▸ Web page caption snippets
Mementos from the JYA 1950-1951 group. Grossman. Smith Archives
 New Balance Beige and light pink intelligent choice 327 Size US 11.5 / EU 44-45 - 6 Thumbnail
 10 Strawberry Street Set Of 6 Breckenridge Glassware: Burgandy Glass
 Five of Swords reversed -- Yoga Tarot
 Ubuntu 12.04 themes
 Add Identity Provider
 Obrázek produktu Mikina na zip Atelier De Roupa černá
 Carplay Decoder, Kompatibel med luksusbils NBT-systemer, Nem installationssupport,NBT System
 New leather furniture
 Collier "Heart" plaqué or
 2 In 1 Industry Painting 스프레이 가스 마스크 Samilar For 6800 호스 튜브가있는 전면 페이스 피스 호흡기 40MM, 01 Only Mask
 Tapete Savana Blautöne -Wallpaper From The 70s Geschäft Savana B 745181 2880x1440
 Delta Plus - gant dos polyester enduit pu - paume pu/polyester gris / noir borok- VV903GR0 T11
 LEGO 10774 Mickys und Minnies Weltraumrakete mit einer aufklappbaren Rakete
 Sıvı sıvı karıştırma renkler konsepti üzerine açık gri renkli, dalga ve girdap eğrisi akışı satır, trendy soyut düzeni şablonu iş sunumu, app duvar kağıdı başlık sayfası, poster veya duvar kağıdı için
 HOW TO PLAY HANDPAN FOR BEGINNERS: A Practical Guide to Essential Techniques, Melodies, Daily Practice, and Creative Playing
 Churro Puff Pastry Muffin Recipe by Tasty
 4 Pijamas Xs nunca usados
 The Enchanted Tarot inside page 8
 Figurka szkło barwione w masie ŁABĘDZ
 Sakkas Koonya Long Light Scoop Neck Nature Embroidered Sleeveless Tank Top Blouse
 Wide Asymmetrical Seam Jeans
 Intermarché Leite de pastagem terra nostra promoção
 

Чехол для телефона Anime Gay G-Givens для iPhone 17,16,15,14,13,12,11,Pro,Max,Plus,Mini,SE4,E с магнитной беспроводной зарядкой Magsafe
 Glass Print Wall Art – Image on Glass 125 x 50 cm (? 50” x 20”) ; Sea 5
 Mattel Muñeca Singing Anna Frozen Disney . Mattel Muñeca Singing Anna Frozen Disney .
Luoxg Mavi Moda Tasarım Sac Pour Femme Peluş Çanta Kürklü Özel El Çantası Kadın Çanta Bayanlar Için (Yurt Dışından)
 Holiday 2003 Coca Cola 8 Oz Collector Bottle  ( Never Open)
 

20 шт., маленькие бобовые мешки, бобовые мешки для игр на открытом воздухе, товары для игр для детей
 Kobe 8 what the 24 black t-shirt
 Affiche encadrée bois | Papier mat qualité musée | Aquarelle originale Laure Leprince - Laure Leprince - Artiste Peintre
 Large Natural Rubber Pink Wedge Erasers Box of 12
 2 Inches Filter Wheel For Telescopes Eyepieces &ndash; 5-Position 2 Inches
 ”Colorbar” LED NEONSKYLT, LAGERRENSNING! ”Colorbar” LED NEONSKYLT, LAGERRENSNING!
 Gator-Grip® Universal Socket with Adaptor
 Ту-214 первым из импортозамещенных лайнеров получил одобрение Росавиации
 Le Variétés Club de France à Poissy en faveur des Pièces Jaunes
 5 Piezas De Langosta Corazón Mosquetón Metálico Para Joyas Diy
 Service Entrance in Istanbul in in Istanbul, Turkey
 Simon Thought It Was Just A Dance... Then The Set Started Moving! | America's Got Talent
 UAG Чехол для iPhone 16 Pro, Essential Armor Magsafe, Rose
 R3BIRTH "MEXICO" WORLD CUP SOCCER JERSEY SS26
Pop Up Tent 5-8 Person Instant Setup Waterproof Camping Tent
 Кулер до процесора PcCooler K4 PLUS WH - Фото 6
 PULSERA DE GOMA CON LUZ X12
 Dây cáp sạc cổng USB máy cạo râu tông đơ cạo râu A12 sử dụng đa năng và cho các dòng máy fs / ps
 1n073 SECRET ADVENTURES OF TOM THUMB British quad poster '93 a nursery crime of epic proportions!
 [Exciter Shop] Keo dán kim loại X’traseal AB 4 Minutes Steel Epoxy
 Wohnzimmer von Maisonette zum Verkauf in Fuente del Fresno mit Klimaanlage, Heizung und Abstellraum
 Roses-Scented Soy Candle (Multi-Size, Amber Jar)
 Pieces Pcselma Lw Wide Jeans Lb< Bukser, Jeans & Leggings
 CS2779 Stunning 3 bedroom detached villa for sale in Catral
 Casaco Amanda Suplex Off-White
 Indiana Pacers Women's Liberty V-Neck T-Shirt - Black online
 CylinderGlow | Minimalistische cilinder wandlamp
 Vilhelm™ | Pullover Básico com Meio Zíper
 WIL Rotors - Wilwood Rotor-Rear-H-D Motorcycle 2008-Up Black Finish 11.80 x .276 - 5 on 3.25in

▸ The problem
Identify the lines in the entries above that contain "Чехол", then copy them out.

▸ Exercise result
Чехол для телефона Anime Gay G-Givens для iPhone 17,16,15,14,13,12,11,Pro,Max,Plus,Mini,SE4,E с магнитной беспроводной зарядкой Magsafe
 UAG Чехол для iPhone 16 Pro, Essential Armor Magsafe, Rose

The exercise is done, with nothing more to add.